DESCRIPTION OF THE TASK:
Show every line from the data below that includes "with".
GIVEN RECORDS below:
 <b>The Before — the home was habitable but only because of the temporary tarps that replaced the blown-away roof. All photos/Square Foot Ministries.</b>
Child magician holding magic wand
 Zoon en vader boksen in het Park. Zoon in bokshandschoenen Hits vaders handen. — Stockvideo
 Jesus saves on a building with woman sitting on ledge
End of GIVEN RECORDS.
GIVEN RECORDS below:
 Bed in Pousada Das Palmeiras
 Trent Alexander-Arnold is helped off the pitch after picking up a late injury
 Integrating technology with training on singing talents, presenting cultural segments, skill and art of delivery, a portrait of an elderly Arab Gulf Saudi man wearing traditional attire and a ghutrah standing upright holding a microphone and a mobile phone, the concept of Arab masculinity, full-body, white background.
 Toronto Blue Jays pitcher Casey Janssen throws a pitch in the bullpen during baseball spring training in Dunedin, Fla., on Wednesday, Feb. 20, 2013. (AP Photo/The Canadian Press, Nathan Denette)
End of GIVEN RECORDS.
RESULT OF THE TASK:
 Jesus saves on a building with woman sitting on ledge
 Integrating technology with training on singing talents, presenting cultural segments, skill and art of delivery, a portrait of an elderly Arab Gulf Saudi man wearing traditional attire and a ghutrah standing upright holding a microphone and a mobile phone, the concept of Arab masculinity, full-body, white background.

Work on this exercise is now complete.